Unlike most cabinetmakers who order kiln-dried hardwood from suppliers, Merv and Travis build wood furnishings, cabinets and entire kitchens from scratch, starting the process in the forest, traveling more than 100 miles in any direction while towing a portable ‘WoodMizer” sawmill. 


 


They cut, mill and dry all the wood themselves; a process that creates mountains of waste in the form of slab wood and sawdust. But where most millworks cast-off the waste, the Wengers turn it into burnable energy. 


 


More waste is created when rough-cut lumber is machined into finely finished products.  But they harvest those BTUs, too, through an unusually efficient system that supplies heat for the home, shop and apartment while warming water for all cleaning and bathing, as well.    


 


Until the fall of ’09, the Wengers burned all the cast-off slab wood in an old woodstove, the only source of heat for the shop.

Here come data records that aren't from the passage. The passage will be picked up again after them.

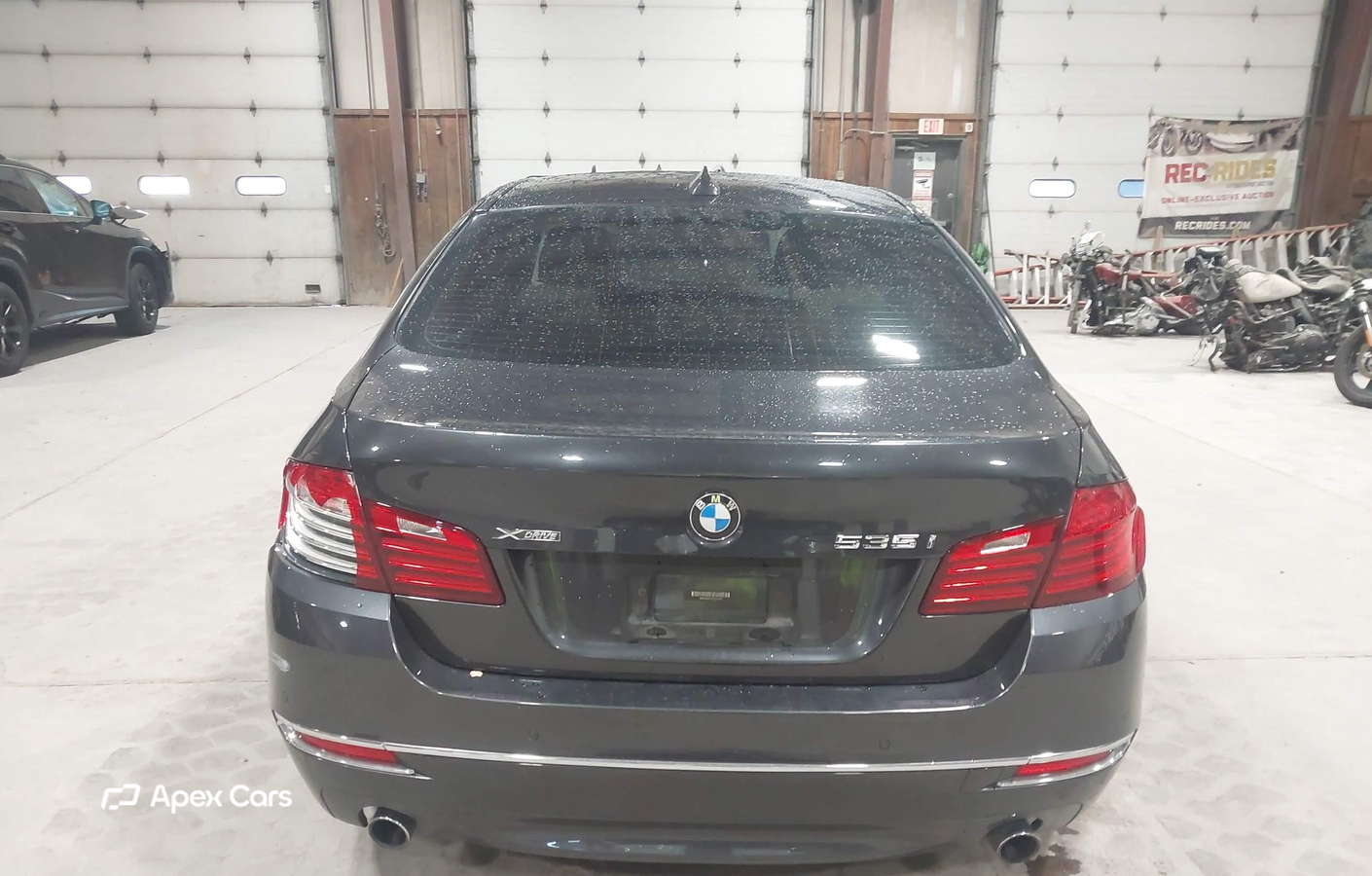 BMW Series 5 2015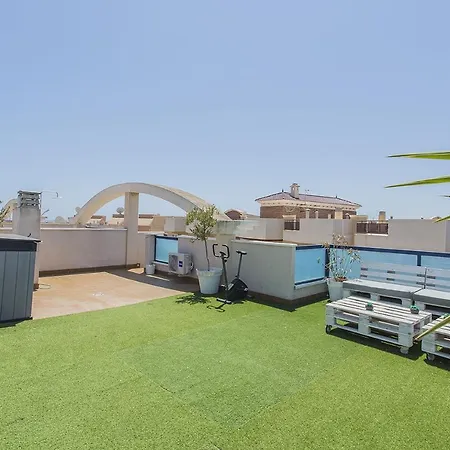 Apartment 239 Amazing Penthouse Cabo Roig-alicante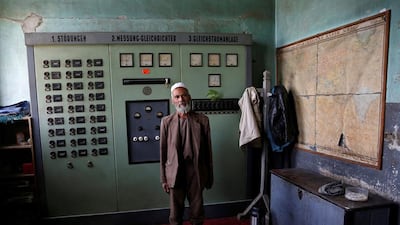 Abdul Salaam is an electrician at the Jabal Saraj factory.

But with the installation of a high-tech, eco-friendly ‘gasification” wood boiler and extensive radiant heat system, the wood waste now supplies BTUs for all three buildings on the property.


 


‘It’s the ultimate in renewable fuel for us,” added Merv.  ‘Sure, there are others doing the same, but few who scrub BTUs as well as we do, and with as small a carbon


footprint.  We decided from the outset that we were going to make this happen the right way.” 


 


‘Last winter, the new wood waste-burning system improved our comfort while saving thousands of dollars in fuel oil,” continued Merv.  ‘It’s also a lot safer.  The shop’s old woodstove was surrounded by sawdust and wood scrap.  It was an accident waiting to happen.”     


 


All in the Family


 


The Wenger’s woodshop is located on a 26-acre property with a 100 year-old farm house, Merv’s home, and a 1940’s cinder block garage that gradually morphed into an apartment.  As Merv explains it, the extensive heating overhaul led to home and apartment remodeling, improvements that the Wengers do entirely on their own. 


 


In fact, the old garage is now a radiantly-heated newlywed suite for Travis and his wife, Rachel, married in May.  For several months, Merv, Travis and Rachel, along with her parents, friends and relatives, labored away on the building, turning it into two-bedroom, 1,200-square-foot living space complete with new kitchen, a vaulted ceiling and spacious laundry room.


 


System, at the Heart of it


 


The Wenger’s mechanical system is a stingy BTU machine.  At the heart of it is a super-clean, 300,000 BTU Econoburn wood gasification boiler made by Alternative Fuel Boilers in Brocton, New York.  The boiler uses European-styled gasification technology that greedily scrubs and re-burns exhaust gasses, heating water to meet the Wenger’s space and domestic water needs.


 


The Econoburn Boiler is a pressurized wood gasification boiler rated at 87 percent thermal efficiency. Its high efficiency is attained by not only burning the wood, but also the wood gases and smoke in a secondary chamber.


 


According to Mark Odell, vice president of sales & marketing for Econoburn, ‘Two-thirds of the wood energy is in the form of wood gas and smoke that traditional wood burning boilers allow to escape out the chimney as wasted energy and pollution.”


 


‘The wood boiler is connected to a vertical 800- gallon storage/buffer tank,” explained Dave Yates, president of York, PA-based F. W. Behler, Inc., hired by the Wengers to assemble the mechanical heating system.  Three inches of closed-cell polyurethane spray foam provides an R18 insulation value across its entire surface area. 


 


‘The giant buffer tank is the wood boiler’s ‘thermal target’ ‘ a huge heat reservoir for all space-heating on the property,” added Yates.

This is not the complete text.